A city threatened by unimaginable horrors must trust their most hated outcast—or lose everything—in this crushing epic fantasy debut

After ten years on the run, dodging daemons and debt, reviled magician Edrin Walker returns home to avenge the brutal murder of his friend. Lynas had uncovered a terrible secret, something that threatened to devour the entire city. He tried to warn the Arcanum, the sorcerers who rule the city . . . 
 
He failed.
 
Lynas was skinned alive and Walker felt every cut. Now, nothing will stop him from finding the murderer. Magi, mortals, daemons, and even the gods—Walker will burn them all if he has to. After all, it wouldn’t be the first time he’s killed a god.

Product Details

ISBN-13: 9780857667809
Publisher: Watkins Media
Publication date: 06/05/2018
Series: The Age of Tyranny , #1
Sold by: Penguin Random House Publisher Services
Format: eBook
Pages: 400
Sales rank: 225,742
File size: 2 MB

About the Author

CAMERON JOHNSTON lives in Glasgow, Scotland, with his wife and an extremely fluffy cat. He is a swordsman, a gamer, an enthusiast of archaeology, history and mythology, a builder of LEGO, and owns far too many books to fit on his shelves. He loves exploring ancient sites and camping out under the stars by a roaring fire.
 
cameronjohnston.blogspot.com
twitter.com/camjohnston

Author hometown: Glasgow, UK

Read an Excerpt

Chapter 1
 
Ten years.
Ten wretched years spent fleeing daemons and debt, reduced to a vagabond with little more than the clothes on my back and a set of loaded dice. Every week brought different taverns, different faces, and none that cared if I died in a ditch. The same old scams day after day, blurring into a dreary endless mass as I kept two steps ahead of the unnatural beasts that stalked me. I was a hollow man clinging to existence for a single purpose. It was a price I was more than willing to pay.
I stared into my ale-cup and wondered what had become of my old friends, the very reason for my exile. Concentrating on Lynas’ presence in the back of my mind, I felt his comforting warmth pulsing through the Gift-bond that irrevocably linked the two of us. We were more than friends, and more than family; we were part of each other. He was still alive, though a hundred leagues between us had reduced our magical bond to a single thread of sensation that offered no further insight. The deal still held – my exile kept Lynas, Charra and their daughter Layla safe and healthy. It was all that kept me going.
As I did on every anniversary of my flight from home, the great city of Setharis, I lifted a cup in their honour. I drained dregs as sour as my mood and thumped it down on the rough table, a splinter jabbing my finger. The wood was battered and scarred, every bit as worn down as I felt. Come the morning I’d be glad to finally see the back of this dingy tavern and tedious town of Ironport. I teased the sliver of wood from my skin and sucked at the bright bead of blood, the fiery savour of magic bursting on my tongue, expanding my senses.
A hint of burning reached my nostrils: pitch, woodsmoke, and something more unpleasant that tickled the back of my throat. It wasn’t coming from the tavern’s kitchen. The docks perhaps? I squinted at the door to the street and wondered if I should step out into the night air and take a look, but then the serving girl drew my full attention, weaving towards me through a clamouring crowd of dusty and drink-starved miners just off the last shift in the iron mines.
“Here you are, m’lord,” she said, setting a steaming bowl of stew down in front of me. She flashed a coquettish smile and batted her eyelashes in what I could only assume was meant to be an alluring manner; or perhaps she had something stuck in her eye.
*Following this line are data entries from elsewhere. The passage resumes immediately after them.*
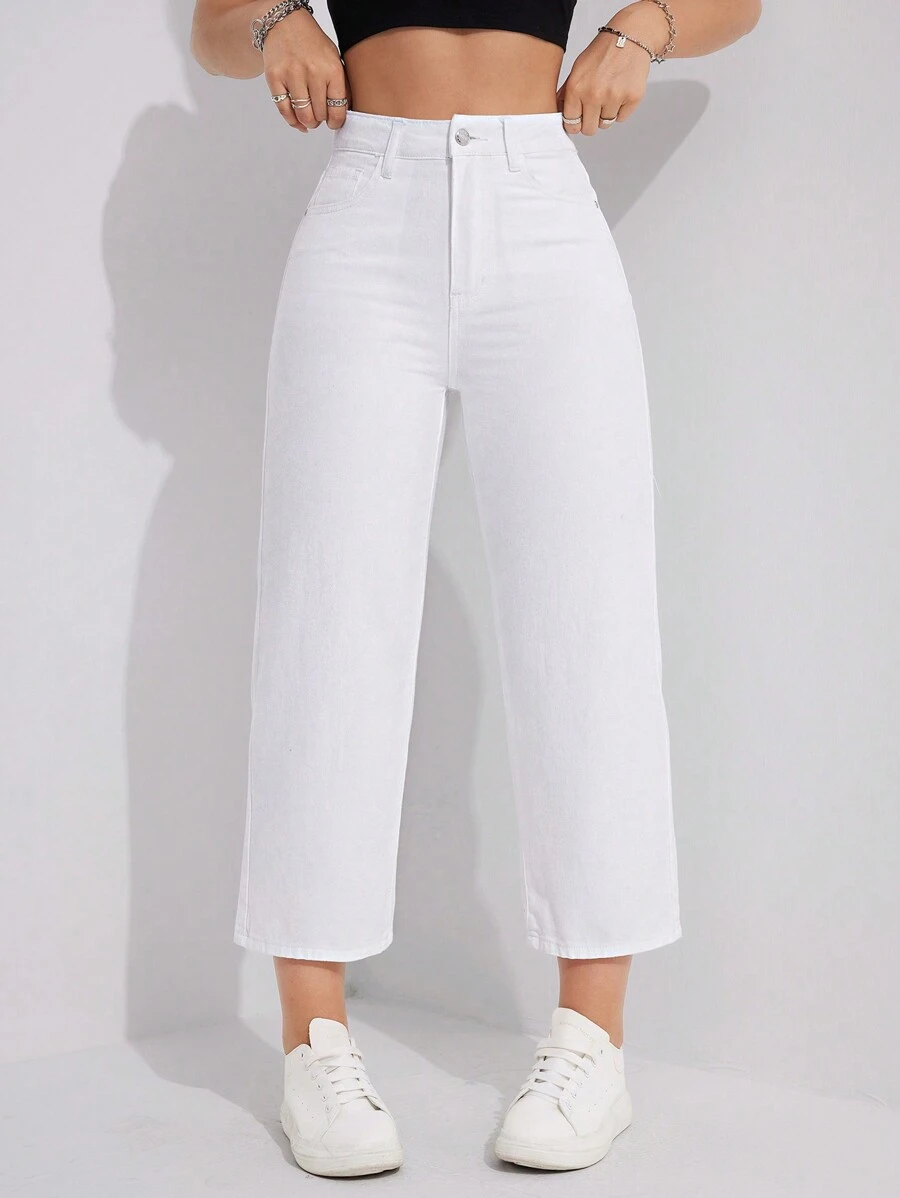 SHEIN ICON 大码女式休闲宽松直筒浅蓝色无弹力牛仔裤 - 白色 - 查看 1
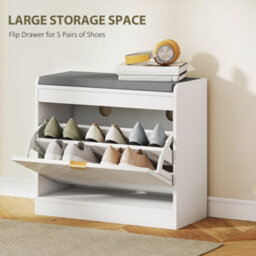 Wyld Haus Baniri White Shoe Storage Bench With Grey Padded Seat And Flip Drawer - L60 X D26 X H52.5Cm - thumbnail 5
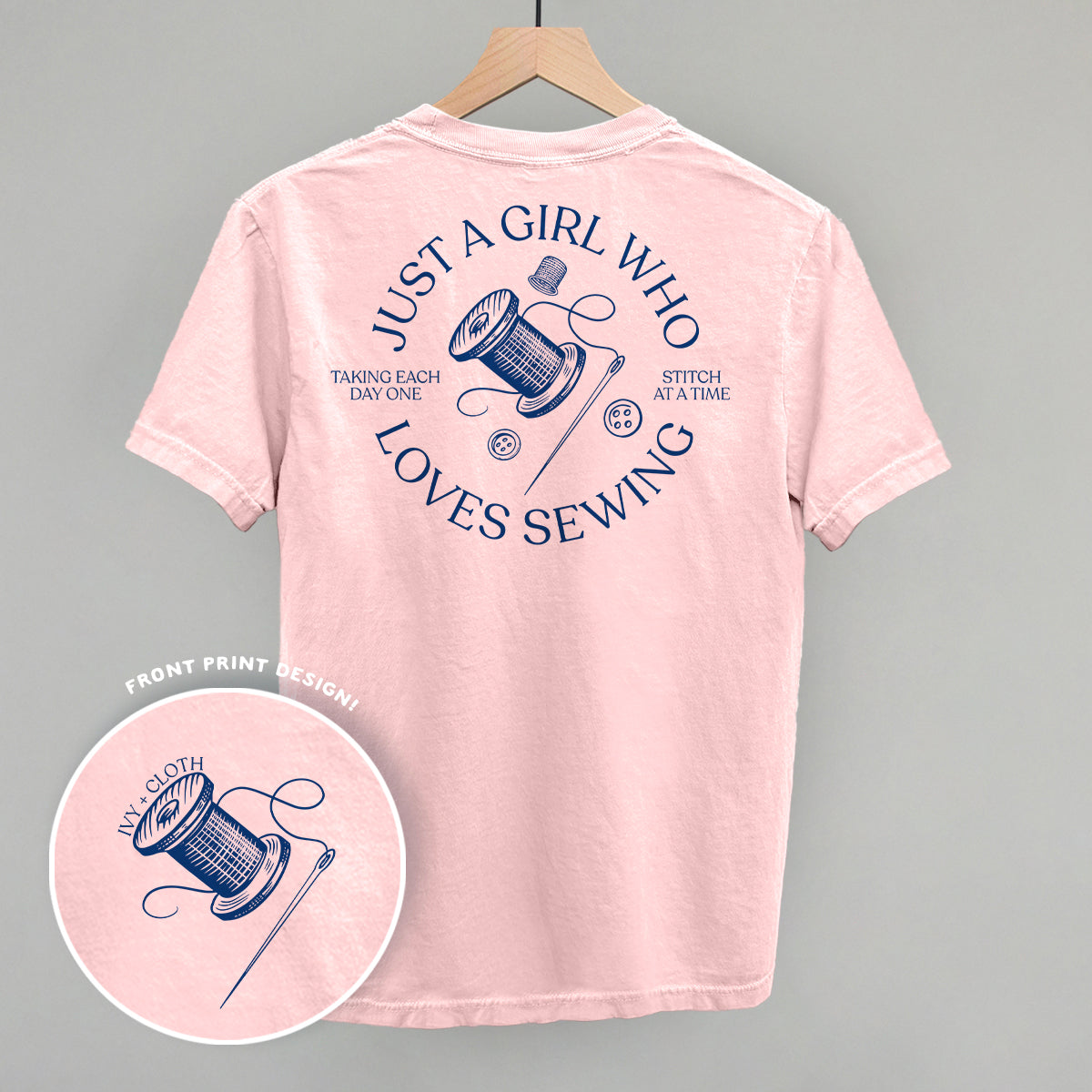 Just A Girl Who Loves Sewing (Back Print) - clothing by TeeHivey.com (Image 2)
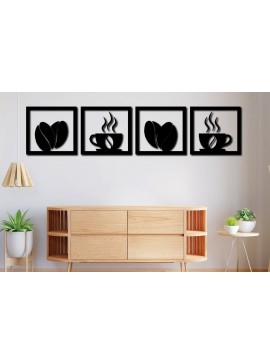 Σετ των 2 Intra απο ξύλο plywood 3mm-4mm πάχος - Διακόσμηση τοίχου καφέ με λέιζερ 3D  15 Δίασταση 30x20 cm INTRAFABR-74911966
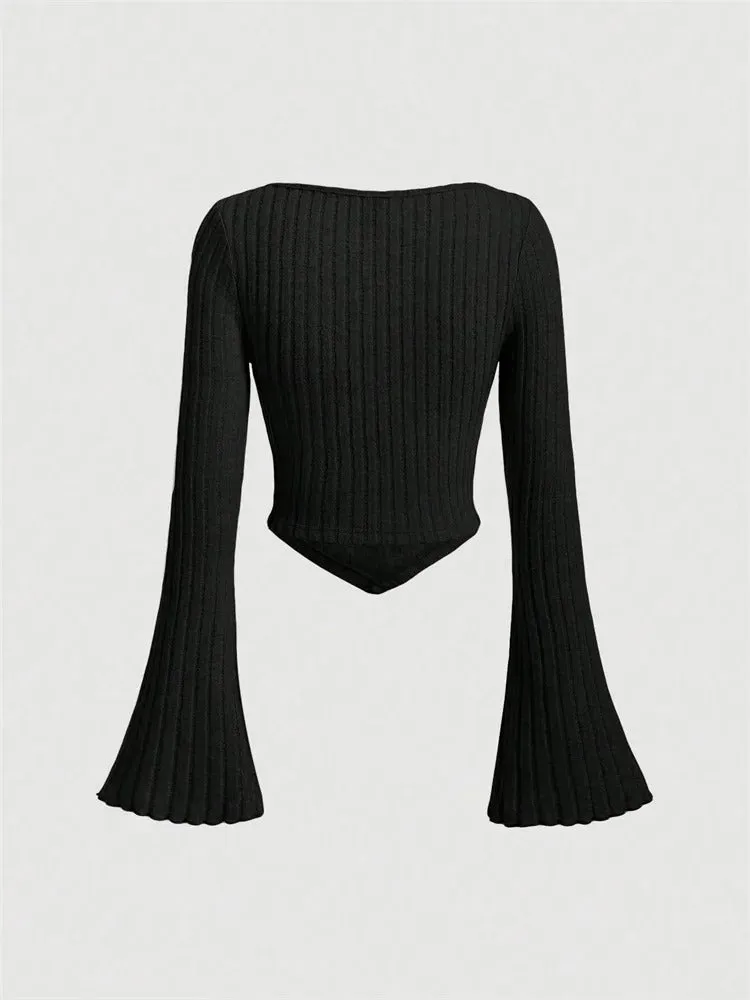 Elowen - Elegant Rib-Knit Crop Top for Women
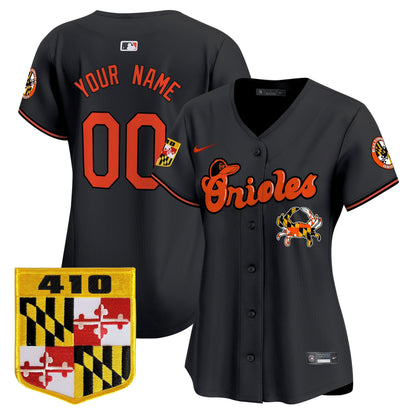 Baltimore Orioles 410 & Chesapeake Crab Patch Vapor Premier Limited Custom Jersey - All Stitched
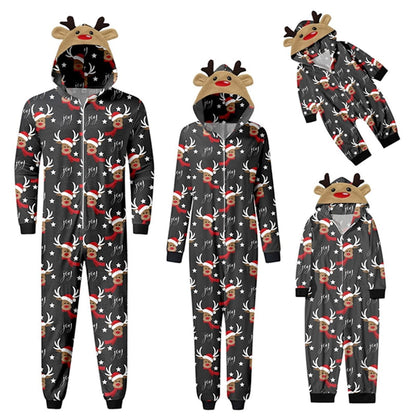 Set of matching Christmas-themed onesies with reindeer - ChildAngle Reindeer Family Matching Onesie Pajama Set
Her gaze lingered over the ragged scars that cut from the corner of my right eye to my jaw and trailed off down my neck, intrigued by their unspoken tale – which was how it would remain. Some stories are dangerous.
“Thank you, lass,” I said, already feeling the fuzzy warmth of alcohol spreading from my belly. I was pleasantly tipsy rather than drunk, but the night was young yet and I wasn’t here for anything so insipid as pleasant – no, I was trying to drown the thought of yet another year bled out in the gutters. I slid my cup towards her. “More ale. Keep it coming.”
The high and mighty magi of the Arcanum had beaten it into us that no magus should ever get drunk, but I never had given a rat’s arse about their stupid rules. They might rule Setharis but they did not rule me. Once those arrogant bastards got their claws into a magically Gifted mind like mine they never, ever, let go, and they would be hounding me still if I hadn’t taken great pains to fake my death. A bucket of my blood, a lot of magic, and a masterwork of deception was a small price to pay to get them off my back. If only my daemons were as easy to fool.
From the other side of the tavern, old Sleazy glared at the serving girl with his one remaining eye, bald and scarred pate beading with sweat as he hefted a barrel of ruby ale into place behind the bar. She hastily collected my empty cup, favouring me with another smile before scurrying off back to the kitchen.
She wasn’t dissuaded by my scars, overlooking the ugliness because of my fine clothes and a pouch fat with coin. I was ostensibly a good catch, and she was still young and pretty enough to think herself destined for something more exciting than a life of drudgery in a grimy little mining town like Ironport. She wasn’t to know that I was a liar and a killer, or that my pouch held mostly copper bits. She couldn’t know that in Setharis the name Edrin Walker would cause folk to slam doors and trace symbols in the air to ward off evil.
I shuddered. Best avoid thinking about home, of deals, dead gods and daemons, and force myself to ponder better things. Safer things. I watched the bloodied sliver of wood burn in the flame of my table candle – it really wouldn’t do to leave any trace of my magic here. My pursuers could track me by such things, which is why I used it so rarely.
The girl hurried back with another cup of ale – a better brew than I’d paid for – before moving on to serve a table of rowdy, drunken sailors bandying rumours of missing ships and Skallgrim sea-raiders pillaging villages up and down the coast. Sailors were wont to exaggerate, and their fanciful tales devolved into wild rumours of kidnapped children and blood sacrifice, nothing I hadn’t heard a hundred times before about the tribal savages from across the Sea of Storms.
I ignored their wagging tongues and watched the girl. I wasn’t about to disabuse her of any fanciful notions on my last night in town, to ruin my only chance for a little fun; with my itinerant lifestyle it was in short supply. Sleazy turned his gimlet glare on me and I looked away. That sour bastard’s single eye held as much malice as any ten normal men could muster. The tavernkeep was not so easily fooled. He must have been pleased when a couple of overdue ships finally docked, ready to carry me away from his shitty little tavern in the morning.
I was sat in a corner of the rundown shack, eponymously titled Sleazy’s Tavern, swilling ale and chowing down on the special stew, trying to figure out what the slimy grey lumps of surprise meat actually were, when somebody kicked open the door and hurled in a lantern. It exploded against the wall, flaming oil showering drinkers and setting the rush floor-mats ablaze. People screamed, tearing at burning clothes and hair. Wood that had soaked up untold years of spilt alcohol eagerly took light, black smoke billowing through the tavern.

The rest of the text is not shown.